Many of the companies regarded as “old” tech have been struggling in recent years due to the soft macroeconomic environment and reduced corporate IT spending. Hardware producers especially have suffered as a result. Amid a mixed earnings season, Cisco Systems, Inc. (NASDAQ:CSCO) delivered results that came in above analyst expectations, dispelling some of investors’ worries as a result of soft numbers from competitors.
Third-quarter Earnings and Sector Worries
On Wednesday, Cisco Systems, Inc. (NASDAQ:CSCO) delivered its Q3 2013 report, which came in slightly ahead of the consensus. Quarterly EPS was $0.51 versus an estimate of $0.49, up from $0.48 in the year earlier period for a 6% increase. Revenue was in-line, rising 5.4% to $12.2 billion, for the ninth consecutive quarter of record revenue. Investors cheered the news, sending the stock up 8%, as many investors were worried going into the report because of poor results from competitors Juniper Networks, Inc. (NYSE:JNPR) and International Business Machines Corp. (NYSE:IBM).
Juniper Networks, Inc. (NYSE:JNPR) recently announced earnings that came in ahead of the consensus, beating by $0.05, whereas revenue came in below expectations. While this wasn’t particularly bad, it was the outlook for Q2 2013 that had investors worried. This guidance was only just able to meet the lower end of expectations, which sent the stock down on the news. However, the stock gained following Cisco Systems, Inc. (NASDAQ:CSCO)’s report.
In April, International Business Machines Corp. (NYSE:IBM)’s bleak Q1 report missed the consensus by $0.05, sending the stock plunging some 8% on the day and spooking the sector. Revenue was down 5.1% from the period a year before and 20.1% sequentially. According to many a reflection of declining business IT spending, IBM saw sales lower across the board. Hardware was hit especially hard, with a 46.1% sequential decline in revenue.
Cisco Systems, Inc. (NASDAQ:CSCO)’s results benefited especially from a strong performance in cloud computing and the wireless business. Revenue from the cloud data center was up 77%, and revenue from the wireless business was up some 27%. The company is working hard on keeping its strong position in these core growth markets, and developing innovative technology to stay ahead.

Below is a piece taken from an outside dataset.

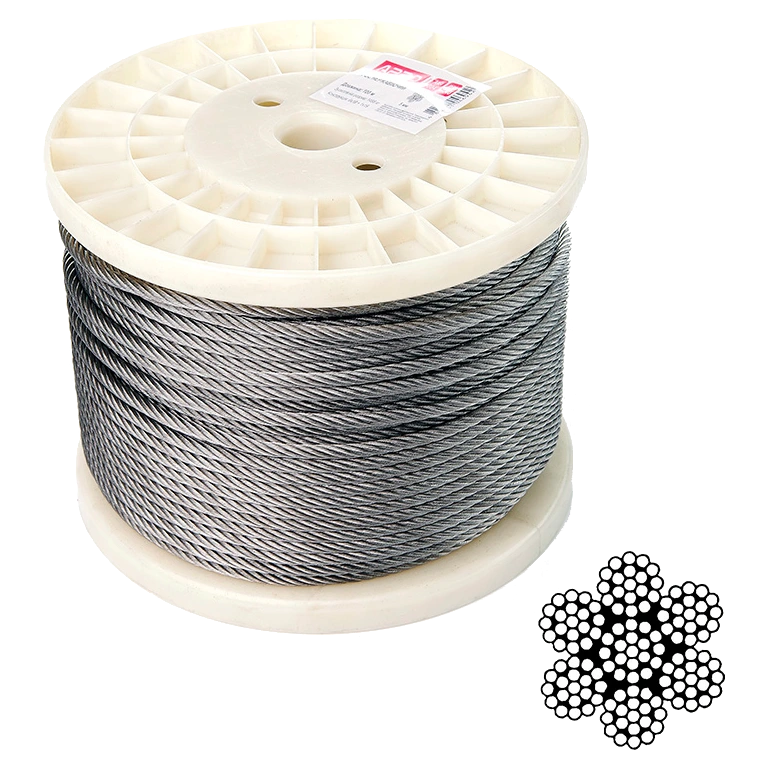 Трос нержавіючий · APRO 5 мм DIN 3055 (6х19+1х19) А2 100 м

The fact that US commercial business was up 13% has relieved some anxiety about reduced corporate IT spending in the US. The company’s margins furthermore were stable, with non-GAAP gross margin around 63% and up a bit from the last quarter. Not everything was positive in the report however, as the company is still facing headwinds in China expected to last several more quarters.
Valuations and Metrics
Cisco Systems, Inc. (NASDAQ:CSCO) is a fairly inexpensive stock at the moment, trading at only 12.20 times trailing earnings versus Juniper’s hefty 34.14 and IBM’s 14.02. The price-to-book is fairly low at 2.03, while the company’s gross margin of around 63% is impressive. The operating margin of around 23% is way over the 5% industry average, reflecting the company’s strong execution. Regarding the balance sheet, the company has around $16.3 billion in debt, for a total debt to equity ratio of about 30, and over $46 billion in cash. Finally, the firm has a strong operating cash flow of nearly $12 billion.